Records from a dataset

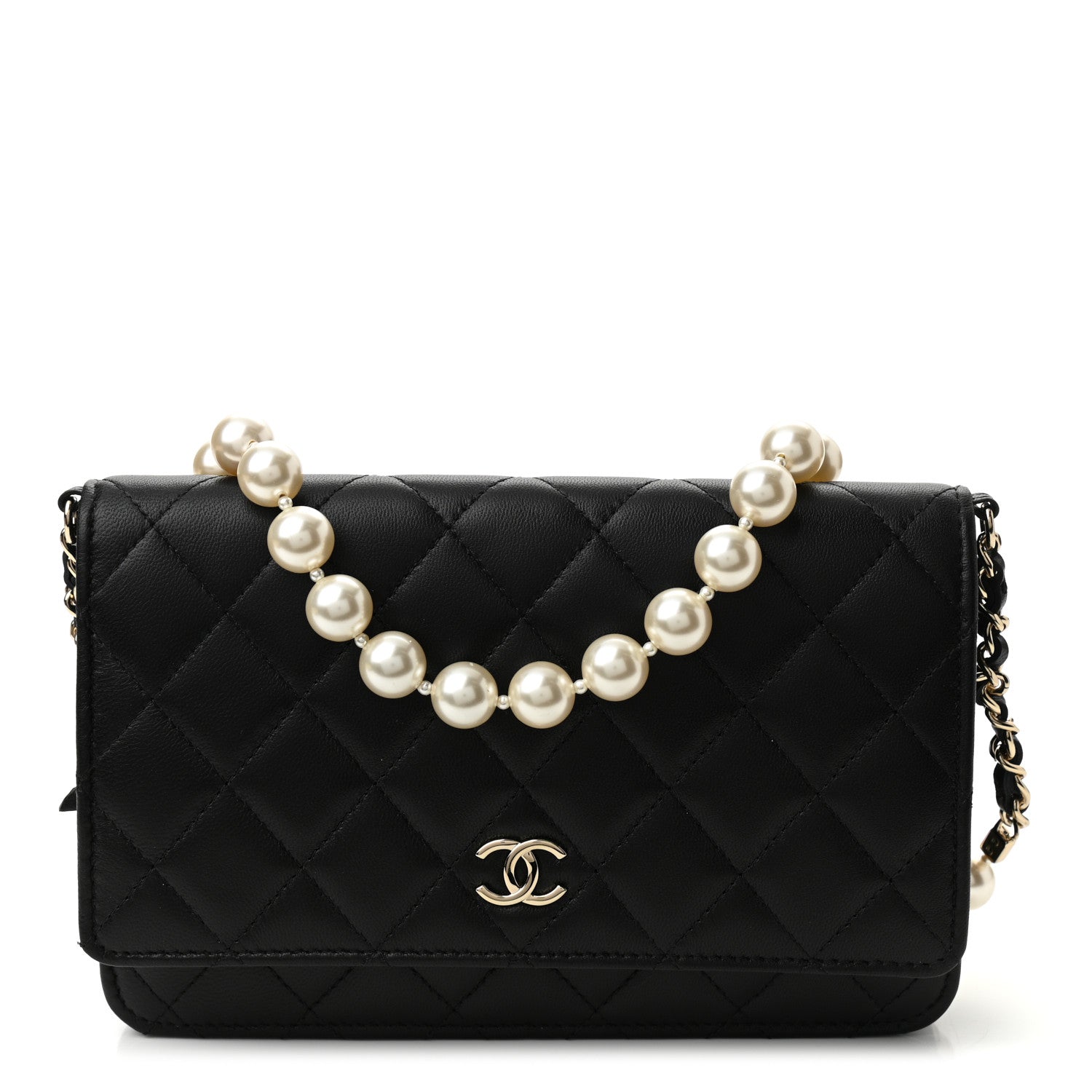 Chanel Lambskin Quilted Pearl Wallet On Chain WOC Black 1 of 11
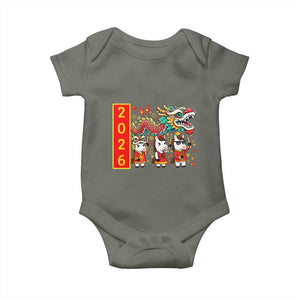 Cute Horse Dragon Dance Baby Onesie Lunar New Year TS12 Military Green Print Your Wear
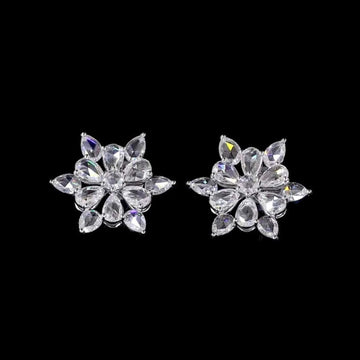 Handcrafted 14K Gold Petal Cluster Earrings with Rose Cut Diamonds By Ivevar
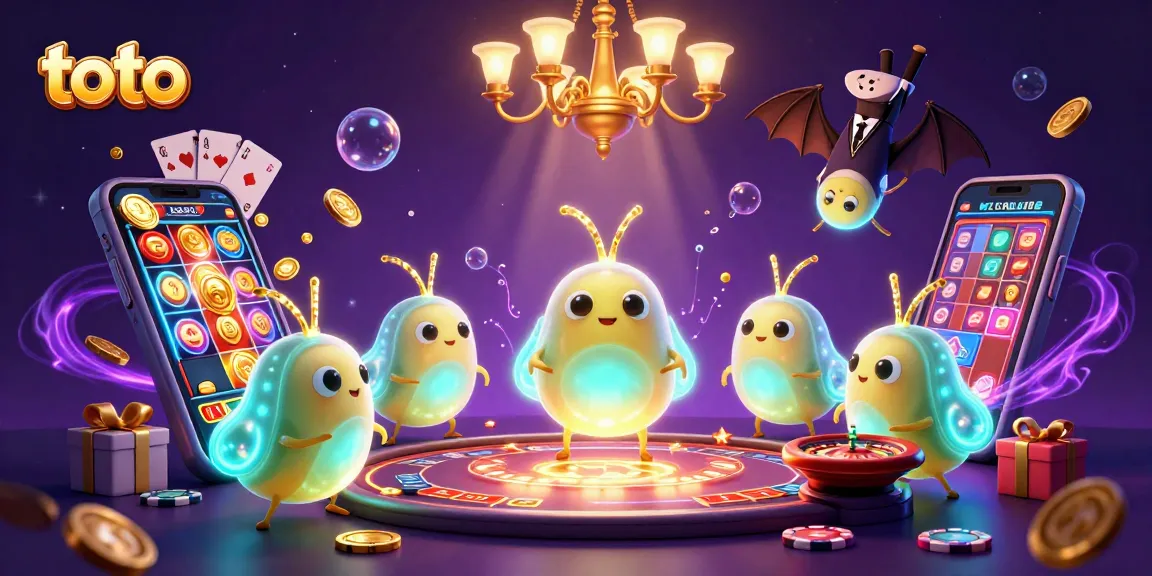 Toto-themed casino scene with glowworms and a bat dealer lighting up the gaming table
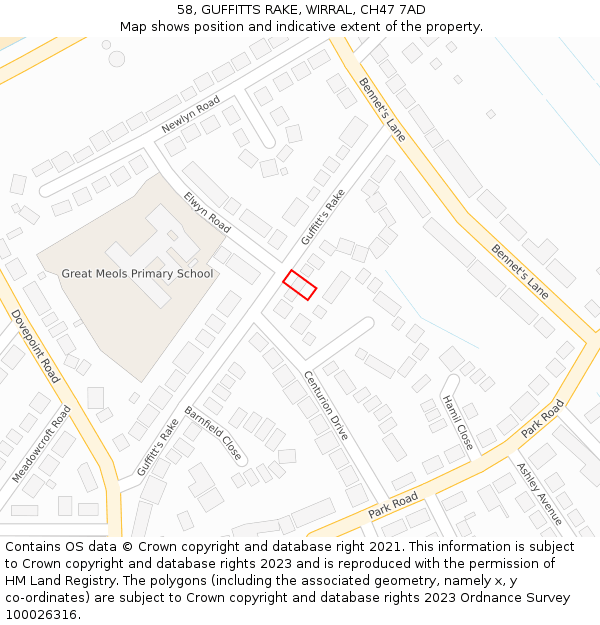 58, GUFFITTS RAKE, WIRRAL, CH47 7AD: Location map and indicative extent of plot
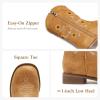 imageFloral Embroidered Girls Cowgirl Boots Western Cowboy Boots For Toddler To Big Kids Square Toe Mid Calf Side Zipper Horse Riding BirthdaySf Light Brown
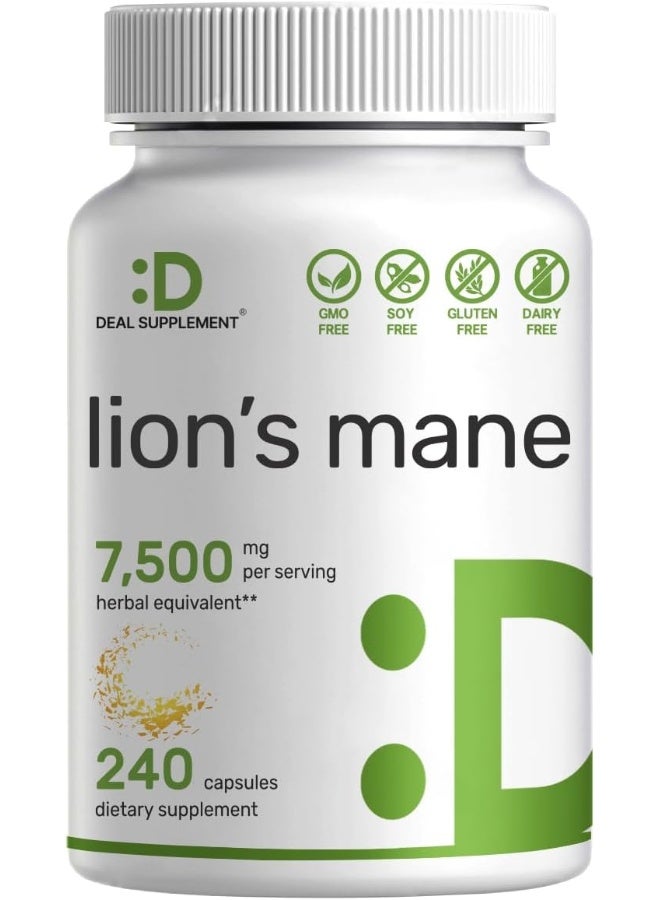 DEAL SUPPLEMENT Lions Mane Mushroom Supplement, 7,500mg Per Serving, 240 Capsules – Active Fruiting Body & Mycelium 10:1 Extract – Natural Brain Nootropic & Immune System Booster – Non-GMO - Image 1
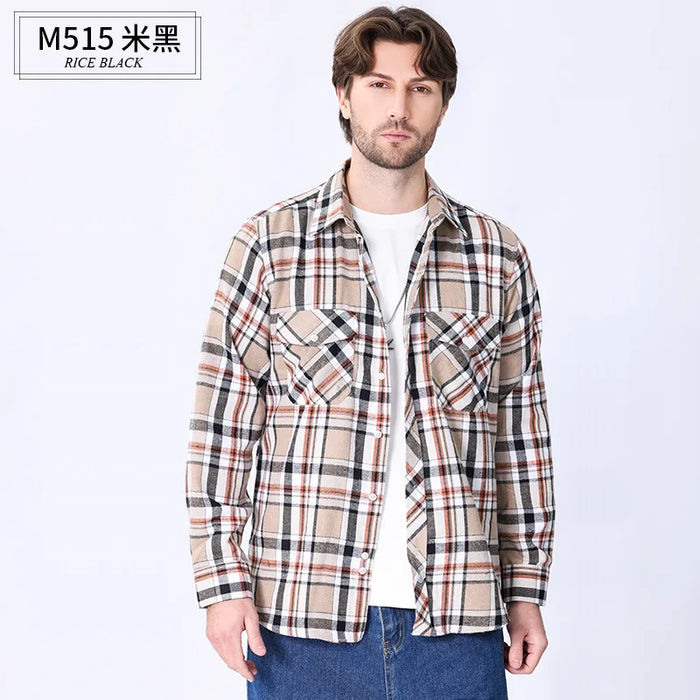 American Size Mens Shirt Long Sleeve Plaid Spring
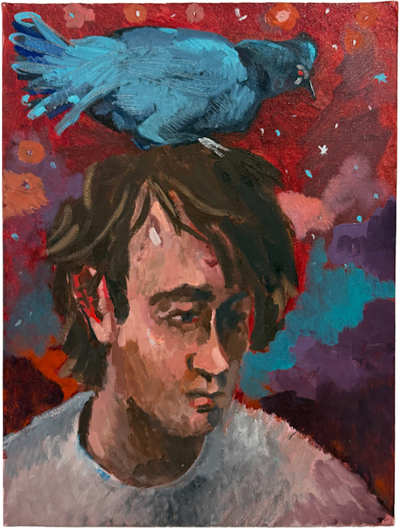 Charles Hasco t Self portrait with Blue Bird 2025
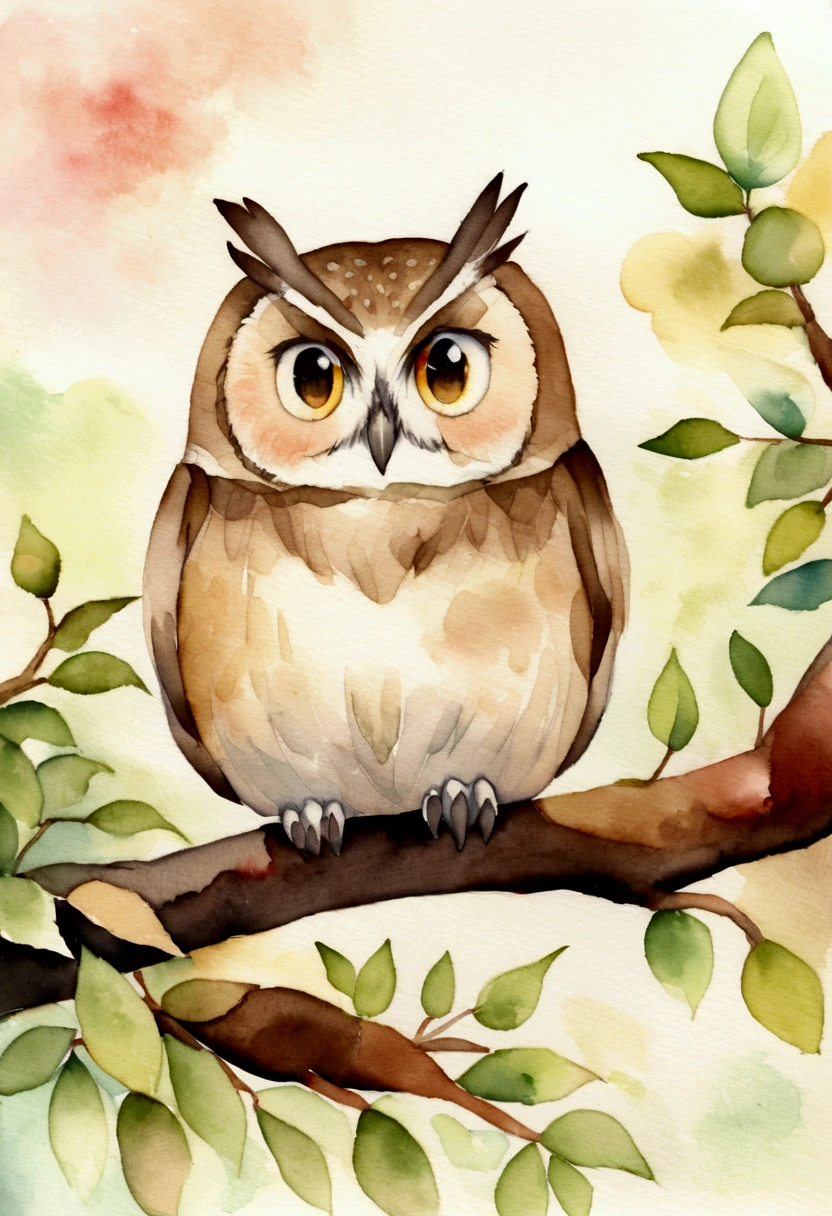 Owl on a tree（owl）and a boy about 4 years old　Picture books　Watercolor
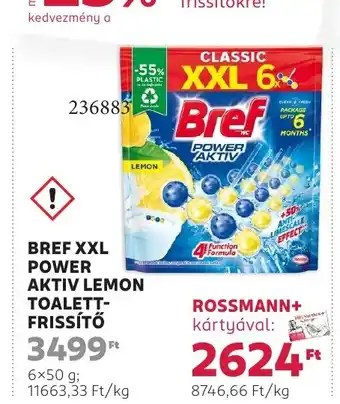 Rossmann Bref xxl power aktiv lemon toalett- frissítő ajánlat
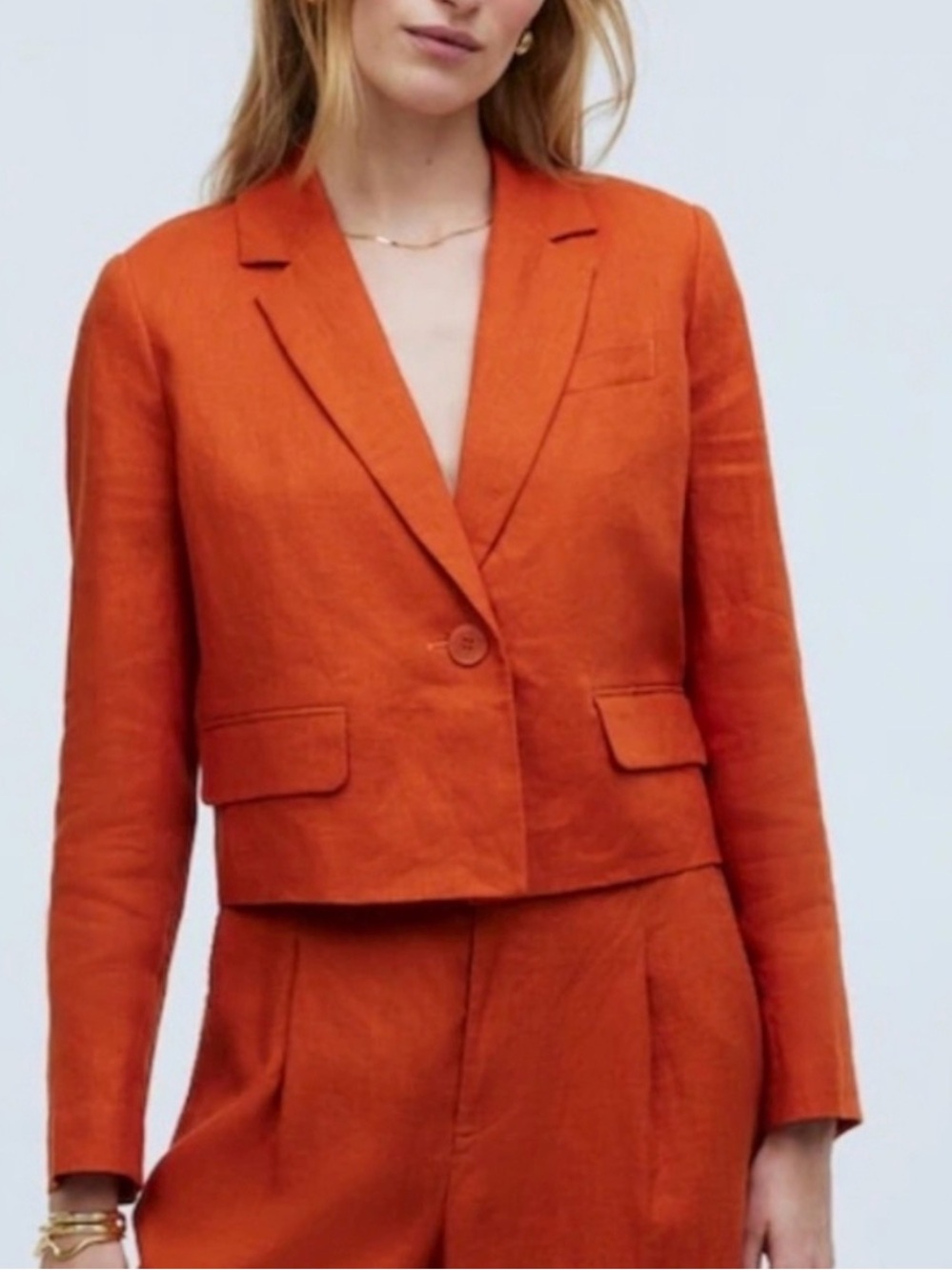Madewell 100% Linen Cropped Blazer - Burnt Orange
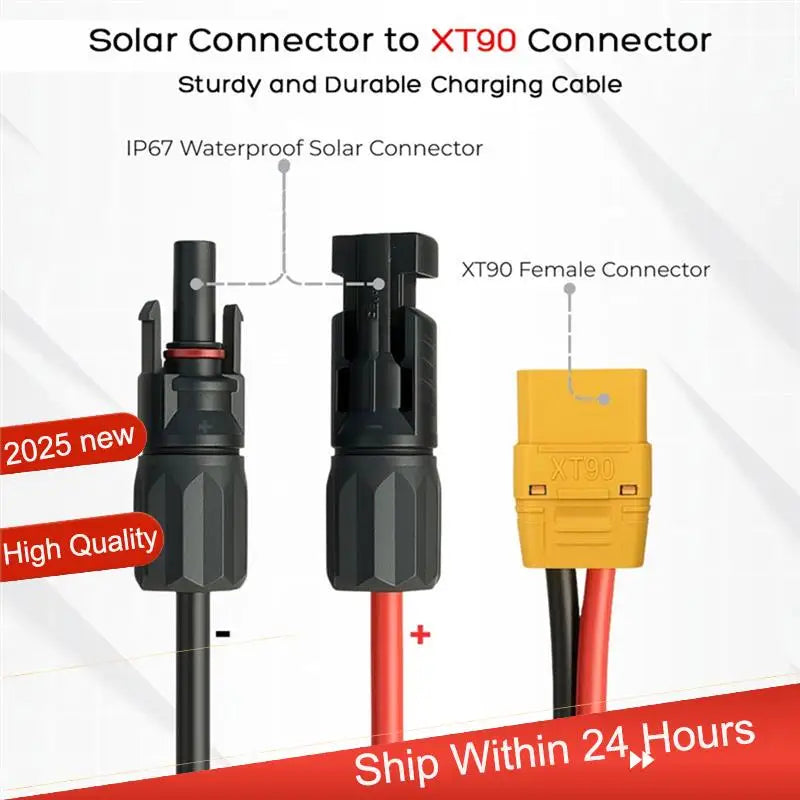 ~【A48T HOT】XT90 Female Solar Panel Connector Adapter 10AWG 1M Cable For Portable Power Station RC Battery Pack Drone RV Etc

- [Work required] A word-for-word copy of every entry, with the pictures left out, is the required answer.

- [Result]
 Chanel Lambskin Quilted Pearl Wallet On Chain WOC Black 1 of 11
 Cute Horse Dragon Dance Baby Onesie Lunar New Year TS12 Military Green Print Your Wear
 Handcrafted 14K Gold Petal Cluster Earrings with Rose Cut Diamonds By Ivevar
 Toto-themed casino scene with glowworms and a bat dealer lighting up the gaming table
 58, GUFFITTS RAKE, WIRRAL, CH47 7AD: Location map and indicative extent of plot
 imageFloral Embroidered Girls Cowgirl Boots Western Cowboy Boots For Toddler To Big Kids Square Toe Mid Calf Side Zipper Horse Riding BirthdaySf Light Brown
 DEAL SUPPLEMENT Lions Mane Mushroom Supplement, 7,500mg Per Serving, 240 Capsules – Active Fruiting Body & Mycelium 10:1 Extract – Natural Brain Nootropic & Immune System Booster – Non-GMO - Image 1
 American Size Mens Shirt Long Sleeve Plaid Spring
 Charles Hasco t Self portrait with Blue Bird 2025
 Owl on a tree（owl）and a boy about 4 years old　Picture books　Watercolor
 Rossmann Bref xxl power aktiv lemon toalett- frissítő ajánlat
Madewell 100% Linen Cropped Blazer - Burnt Orange
 ~【A48T HOT】XT90 Female Solar Panel Connector Adapter 10AWG 1M Cable For Portable Power Station RC Battery Pack Drone RV Etc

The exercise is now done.